The dishes flowed swiftly after this. Quite a few of the earlier dishes were just small portions.




This was so good, we had 2 plates and the 4 year old on our table managed to finish one all by herself.









This dish is done in the style of Peking duck, the version where you eat the skin only.

The crab is lightly battered and fried before being added to the soup base.

Meltingly soft belly pork in a sweet sticky sauce wrapped up in the steamed man tou, delicious.


This might sound similar to the other braised pork dish above but is actually quite different. It could be quite frustrating to not being able to get better descriptions of the dishes but we had our own guide on the table who did a great job of both describing each dish.
Lotus fried rice
This fried rice was spectacular. It uses a combination of short and long grain rices, steamed in chicken stock. The rice is then fried with a bit of garlic and chopped lotus seeds with some spring onions thrown in to finish.
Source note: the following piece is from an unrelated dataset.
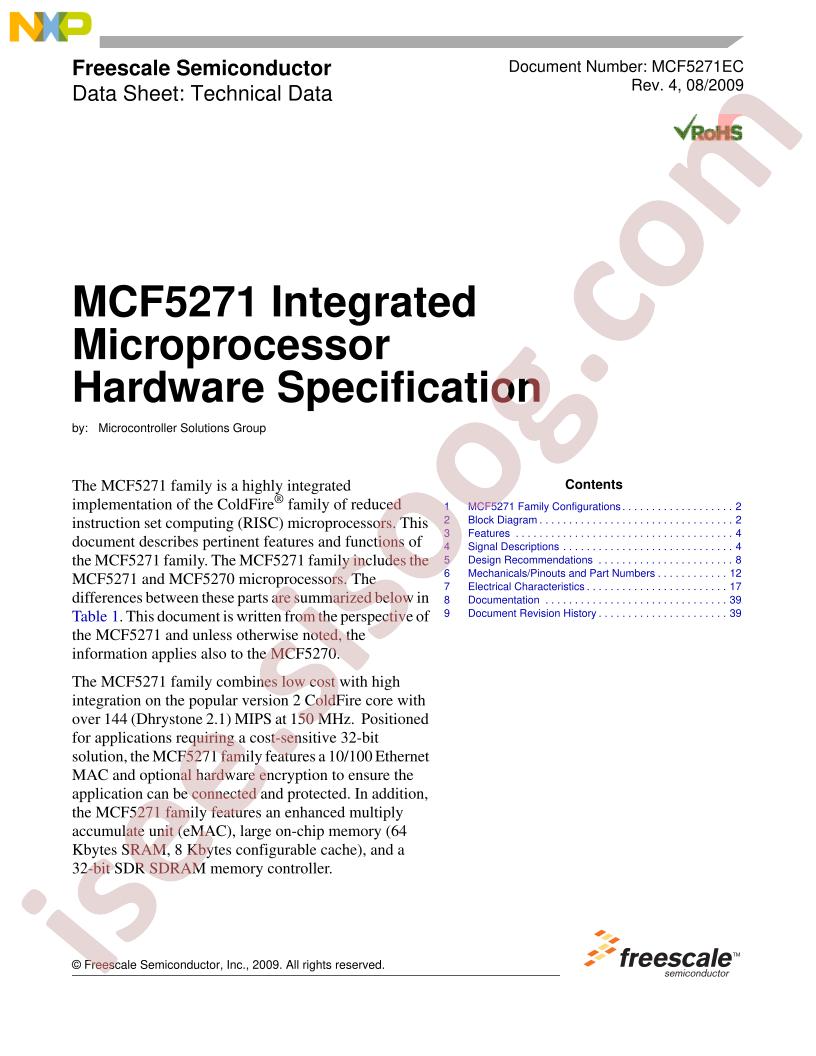 MCF5270, 71 Tech Data
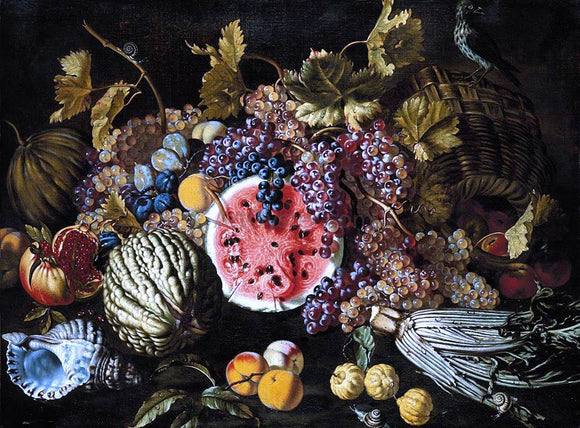  Giovanni Battista Ruoppolo Still-Life of Fruit - Canvas Art Print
The red bean pancake is one of the common desserts served at Chinese banquets but this was different. The pancake was not made of the usual flour based batter but had a glutinous consistency which was then pan fried. It is served with the almond jelly which is to be eaten together to give a contrast of hot and cold and chewy and soft. I don’t like almond jelly but in this dish it works really well.
We were almost defeated by the belly pork dish but eventually surrendered after the fried rice. There were a few more dishes but I didn’t manage to get all the pics for them, including a steamed sea bass and some other dumplings. Some of the dishes went down better than the others and I am going back soon for more of that spectacular Lotus fried rice.
We noticed that the other tables had different dishes than us like a lettuce wrap something or other which we assumed were for the non Chinese clientele. Dio ask if you want the authentic experience.
Hunan does some other Taiwanese specialities on special order and we shall be back when they next call us to let us know. While we were there, a table of Taiwanese businessmen were tucking into some special soups and dishes. Michael said to call before the next visit to make sure that we get a completely different menu. We’ll be back.
The nitty gritty: It cost £50 per head and they didn’t charge us for drinks.
Hunan Restaurant
51 Pimlico Road London
SW1W 8NE
020 7730 5712
Open Mon-Sat 12:30pm-2pm, 6:30pm-11pm
Hunan is one of my favourite restaurants in London, and I have been there many times prior to blogging. You really made me want to go back there again. Great write up and I am surprised you managed to get a very accurate description of all dishes despite the lack of a printed menu. The tempura green beans look fantastic.
Luiz @ The London Foodie
Oh man, some of that looks good. I *love* JaiYun in SF (my hometown) – this has me itching to get back there again.
@ Luiz My Taiwanese friend was very helpful with the descriptions and recipes. All the staff were rushing around too much to be much help.
I have a friend who lives right near that Plimlico farmers market so I will have to take her to Hunan by the sounds of it. How to get the authentic experience I wonder? May have to take a Chinese friend!
@Gourmet Chick – Just tell Michael and he will sort you out with the “specials”.
Great descriptive post. Used to frequent it about 10 years ago – couldn’t believe that somewhere so amazing was in the side streets of Pimlico. Old Mr Peng was in the kitchen and the food was fab – and different each time.
It’s a while since I’ve been and I am so glad it is still so extraordinary. Made me want to go again for sure!
@Bron You must go back, I am sure that you will get a whole new experience as there are new recipes with the change of guard.